_Working data_:

= Beginning of Section =

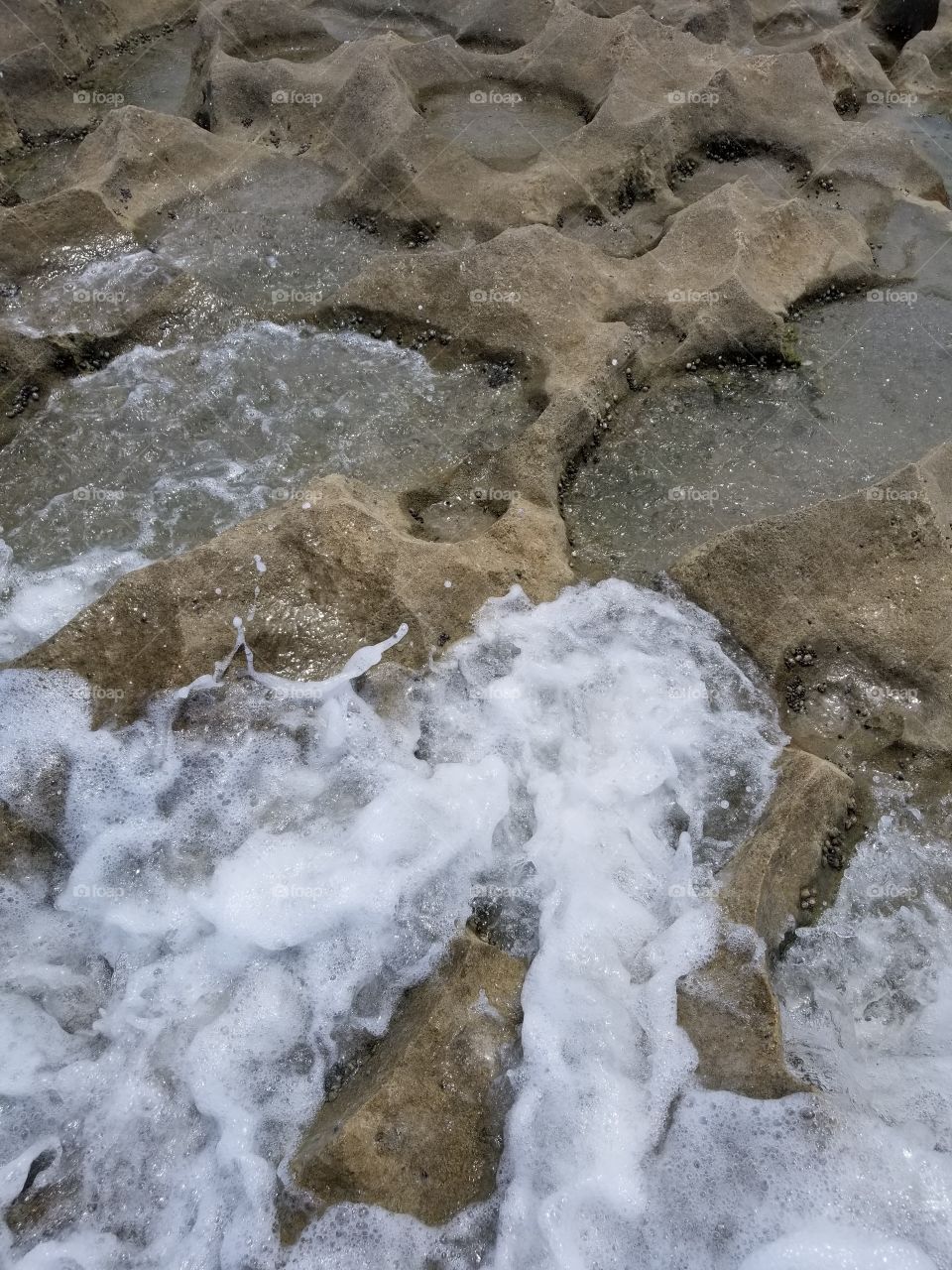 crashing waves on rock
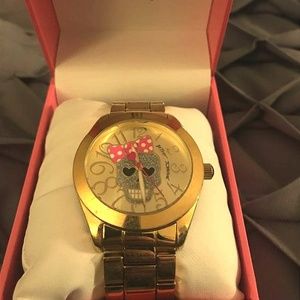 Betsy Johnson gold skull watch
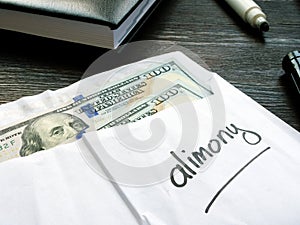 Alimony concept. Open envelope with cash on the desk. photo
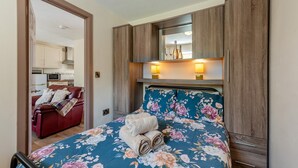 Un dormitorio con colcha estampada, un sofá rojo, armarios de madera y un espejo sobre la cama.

= End of Section =
= Beginning of Section =

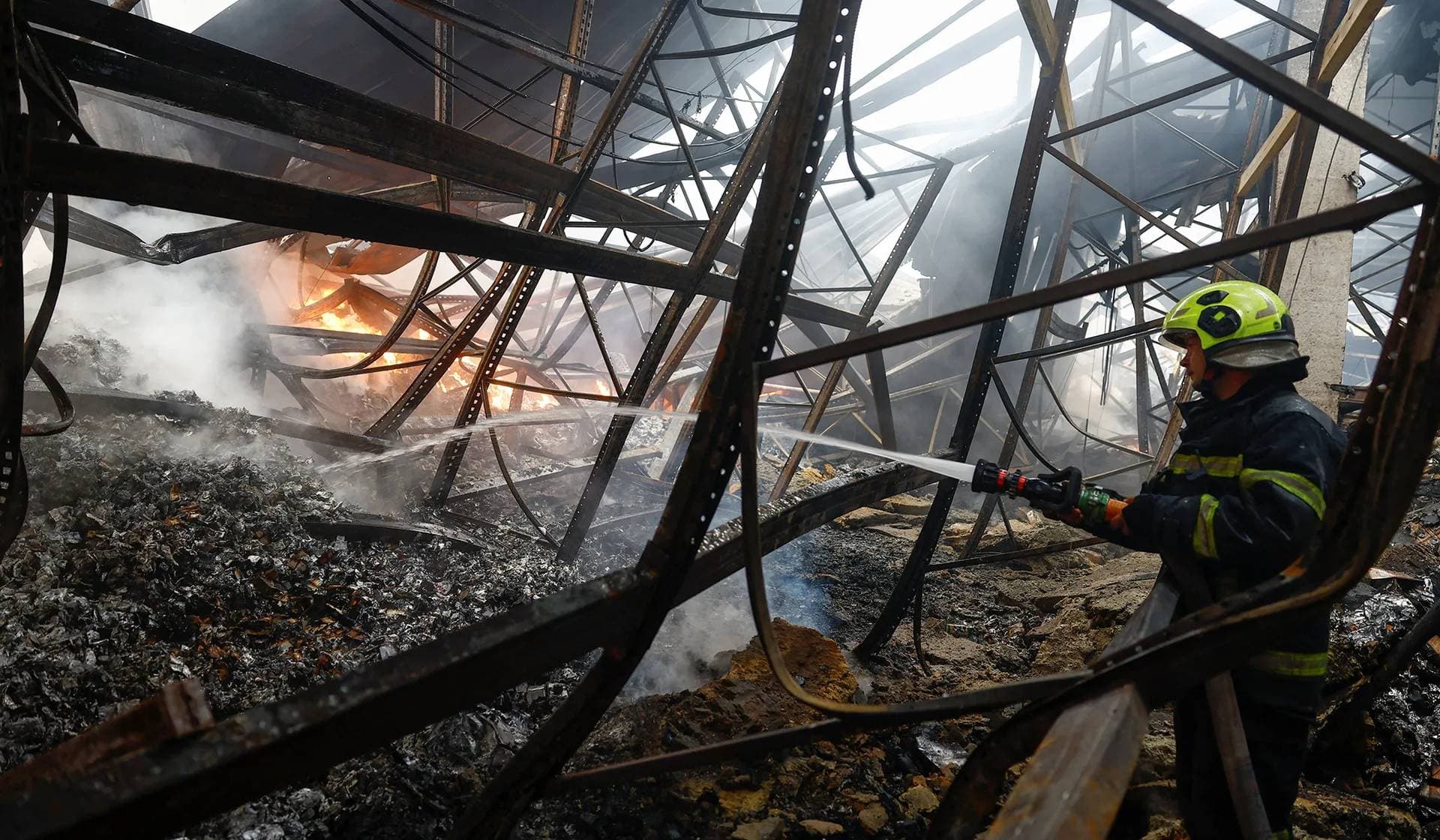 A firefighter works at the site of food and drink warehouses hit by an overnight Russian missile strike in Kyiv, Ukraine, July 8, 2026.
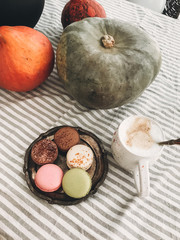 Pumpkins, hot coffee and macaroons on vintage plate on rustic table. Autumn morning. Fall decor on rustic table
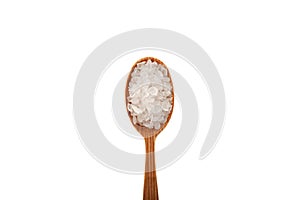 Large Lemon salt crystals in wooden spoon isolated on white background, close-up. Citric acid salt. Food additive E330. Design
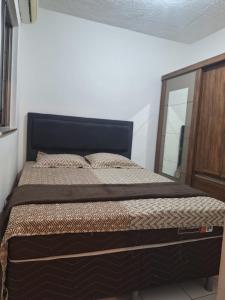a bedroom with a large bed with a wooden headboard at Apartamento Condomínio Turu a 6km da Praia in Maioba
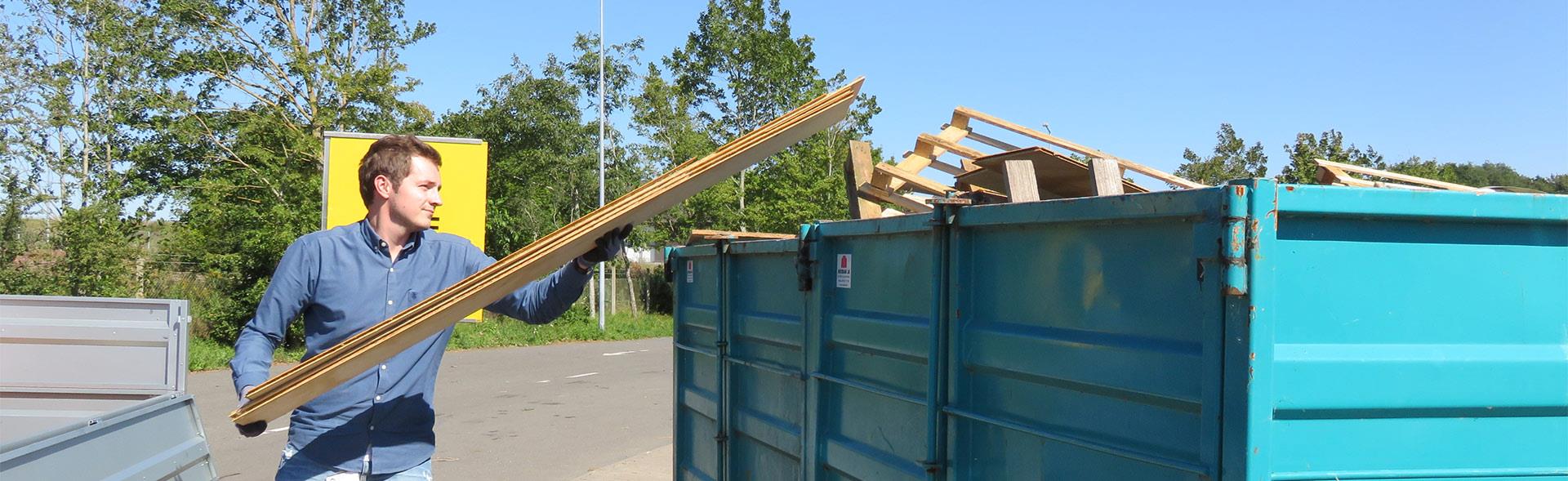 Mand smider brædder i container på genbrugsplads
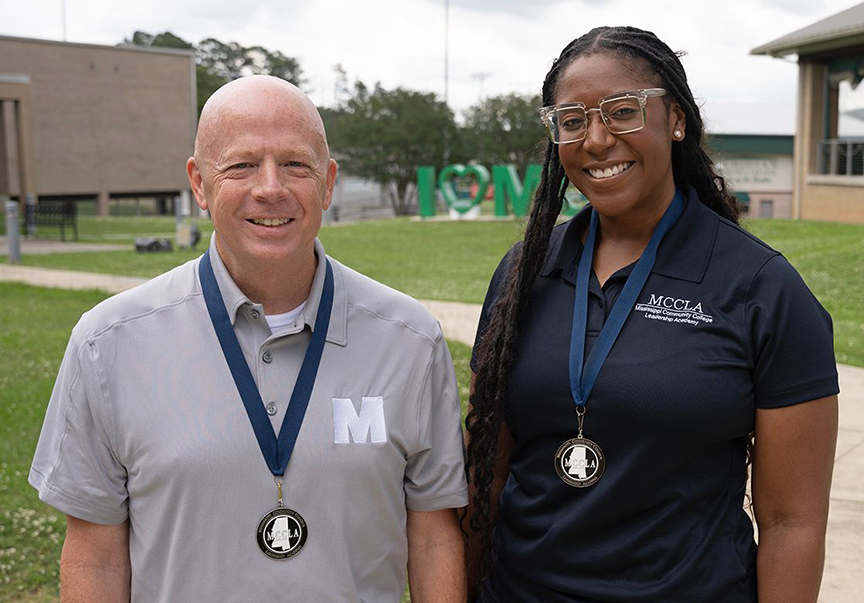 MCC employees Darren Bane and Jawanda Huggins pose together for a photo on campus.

= End of Section =
= Beginning of Section =

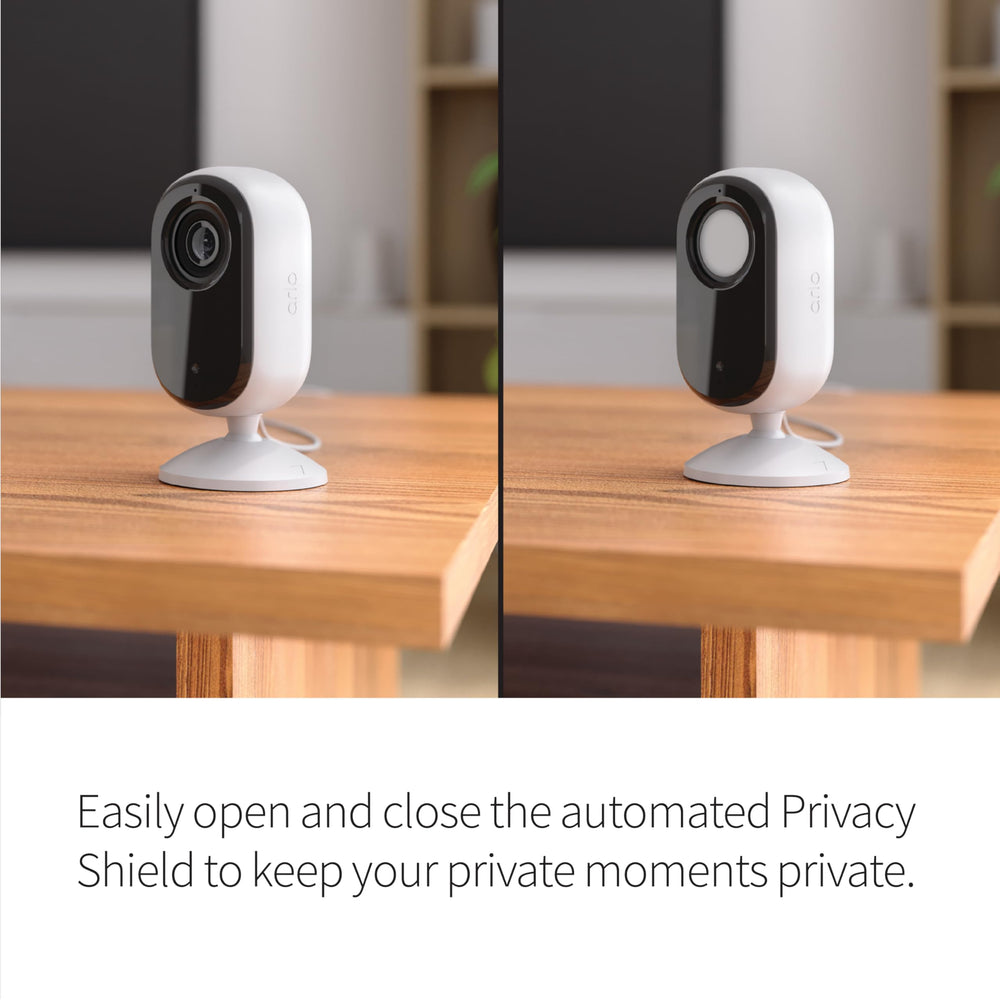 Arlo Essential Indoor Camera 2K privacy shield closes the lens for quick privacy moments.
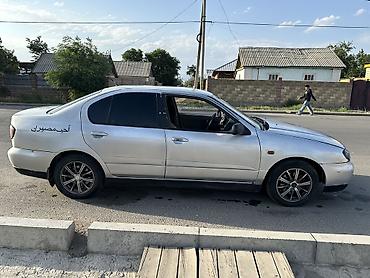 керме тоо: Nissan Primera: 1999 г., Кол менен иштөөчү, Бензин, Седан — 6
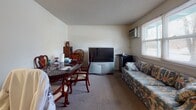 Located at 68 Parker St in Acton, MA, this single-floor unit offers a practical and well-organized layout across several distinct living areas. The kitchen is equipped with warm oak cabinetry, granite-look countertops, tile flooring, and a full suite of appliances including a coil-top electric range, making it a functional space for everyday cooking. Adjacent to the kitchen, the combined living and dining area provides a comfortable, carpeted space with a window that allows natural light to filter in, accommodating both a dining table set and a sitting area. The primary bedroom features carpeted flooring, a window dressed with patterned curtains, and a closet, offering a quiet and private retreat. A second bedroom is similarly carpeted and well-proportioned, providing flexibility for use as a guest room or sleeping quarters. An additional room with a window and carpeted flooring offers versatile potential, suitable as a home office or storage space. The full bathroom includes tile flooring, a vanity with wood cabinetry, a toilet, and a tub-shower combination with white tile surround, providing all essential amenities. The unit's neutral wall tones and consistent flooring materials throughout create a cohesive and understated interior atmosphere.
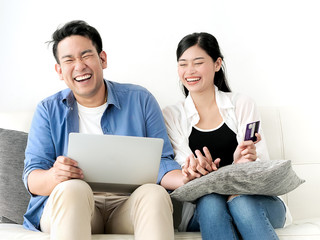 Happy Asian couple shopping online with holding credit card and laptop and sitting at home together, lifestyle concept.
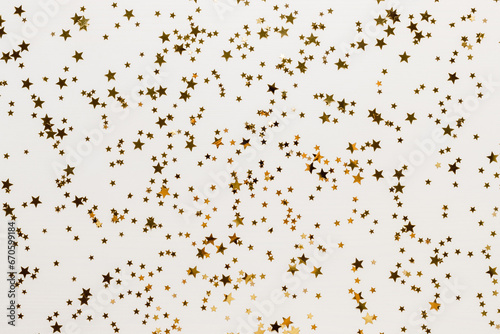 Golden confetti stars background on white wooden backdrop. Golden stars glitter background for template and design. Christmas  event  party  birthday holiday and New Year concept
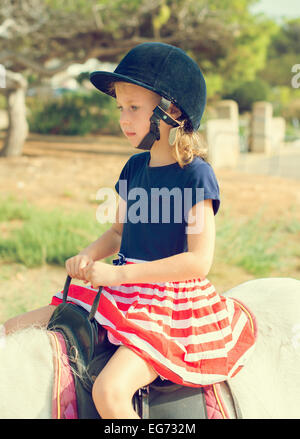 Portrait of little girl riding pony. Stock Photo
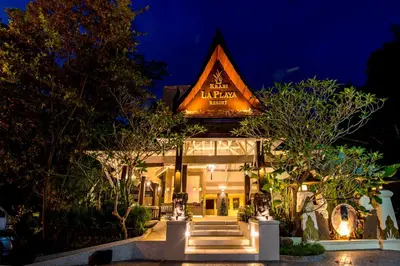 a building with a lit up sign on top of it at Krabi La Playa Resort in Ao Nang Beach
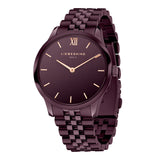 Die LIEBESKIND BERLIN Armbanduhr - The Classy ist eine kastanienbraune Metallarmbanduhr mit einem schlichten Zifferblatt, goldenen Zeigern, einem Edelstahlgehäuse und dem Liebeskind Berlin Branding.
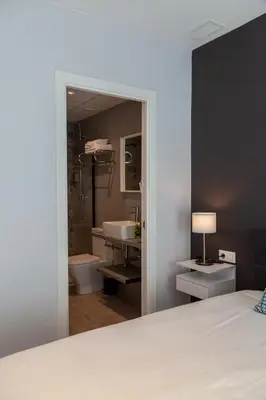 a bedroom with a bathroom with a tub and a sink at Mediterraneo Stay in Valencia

= End of Section =

_Work item_: After locating "crashing waves on rock" and "Un dormitorio con" in the records above, return exactly the line holding each one and every line between them; leave out the pictures.

_Task solution_:
 crashing waves on rock
 Betsy Johnson gold skull watch
 Alimony concept. Open envelope with cash on the desk. photo
 Un dormitorio con colcha estampada, un sofá rojo, armarios de madera y un espejo sobre la cama.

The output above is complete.